--- Provided data ---
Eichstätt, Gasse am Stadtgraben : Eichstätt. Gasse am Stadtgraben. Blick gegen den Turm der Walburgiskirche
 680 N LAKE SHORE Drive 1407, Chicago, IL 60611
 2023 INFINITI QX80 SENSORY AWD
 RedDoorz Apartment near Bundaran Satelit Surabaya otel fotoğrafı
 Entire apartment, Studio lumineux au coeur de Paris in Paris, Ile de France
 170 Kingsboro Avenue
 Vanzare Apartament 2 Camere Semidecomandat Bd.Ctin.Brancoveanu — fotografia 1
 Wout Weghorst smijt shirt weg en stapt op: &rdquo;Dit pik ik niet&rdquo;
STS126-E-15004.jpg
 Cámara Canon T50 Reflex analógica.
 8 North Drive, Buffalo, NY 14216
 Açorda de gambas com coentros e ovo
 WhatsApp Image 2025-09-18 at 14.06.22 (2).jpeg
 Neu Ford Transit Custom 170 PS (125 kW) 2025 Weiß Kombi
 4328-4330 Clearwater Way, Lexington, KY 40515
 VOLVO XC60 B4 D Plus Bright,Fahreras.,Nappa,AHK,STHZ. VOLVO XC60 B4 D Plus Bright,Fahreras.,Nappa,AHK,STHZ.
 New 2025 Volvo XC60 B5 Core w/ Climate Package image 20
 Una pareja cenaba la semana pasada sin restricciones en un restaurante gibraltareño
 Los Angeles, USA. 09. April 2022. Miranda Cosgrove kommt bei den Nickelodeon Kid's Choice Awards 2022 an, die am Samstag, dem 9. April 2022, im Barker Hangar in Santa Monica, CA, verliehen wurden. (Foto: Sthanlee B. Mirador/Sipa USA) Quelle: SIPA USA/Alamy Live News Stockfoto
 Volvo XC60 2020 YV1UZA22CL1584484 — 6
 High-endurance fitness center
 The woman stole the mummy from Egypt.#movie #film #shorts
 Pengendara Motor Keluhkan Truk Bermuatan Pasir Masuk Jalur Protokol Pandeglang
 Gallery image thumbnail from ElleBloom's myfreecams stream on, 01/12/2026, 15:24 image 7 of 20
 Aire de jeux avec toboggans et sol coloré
---
* What to work on *
Please reproduce, word for word, every line from the line with "2023 INFINITI QX80 SENSORY AWD" to the final line above, including both ends.

* Solution for this task *
 2023 INFINITI QX80 SENSORY AWD
 RedDoorz Apartment near Bundaran Satelit Surabaya otel fotoğrafı
 Entire apartment, Studio lumineux au coeur de Paris in Paris, Ile de France
 170 Kingsboro Avenue
 Vanzare Apartament 2 Camere Semidecomandat Bd.Ctin.Brancoveanu — fotografia 1
 Wout Weghorst smijt shirt weg en stapt op: &rdquo;Dit pik ik niet&rdquo;
STS126-E-15004.jpg
 Cámara Canon T50 Reflex analógica.
 8 North Drive, Buffalo, NY 14216
 Açorda de gambas com coentros e ovo
 WhatsApp Image 2025-09-18 at 14.06.22 (2).jpeg
 Neu Ford Transit Custom 170 PS (125 kW) 2025 Weiß Kombi
 4328-4330 Clearwater Way, Lexington, KY 40515
 VOLVO XC60 B4 D Plus Bright,Fahreras.,Nappa,AHK,STHZ. VOLVO XC60 B4 D Plus Bright,Fahreras.,Nappa,AHK,STHZ.
 New 2025 Volvo XC60 B5 Core w/ Climate Package image 20
 Una pareja cenaba la semana pasada sin restricciones en un restaurante gibraltareño
 Los Angeles, USA. 09. April 2022. Miranda Cosgrove kommt bei den Nickelodeon Kid's Choice Awards 2022 an, die am Samstag, dem 9. April 2022, im Barker Hangar in Santa Monica, CA, verliehen wurden. (Foto: Sthanlee B. Mirador/Sipa USA) Quelle: SIPA USA/Alamy Live News Stockfoto
 Volvo XC60 2020 YV1UZA22CL1584484 — 6
 High-endurance fitness center
 The woman stole the mummy from Egypt.#movie #film #shorts
 Pengendara Motor Keluhkan Truk Bermuatan Pasir Masuk Jalur Protokol Pandeglang
 Gallery image thumbnail from ElleBloom's myfreecams stream on, 01/12/2026, 15:24 image 7 of 20
 Aire de jeux avec toboggans et sol coloré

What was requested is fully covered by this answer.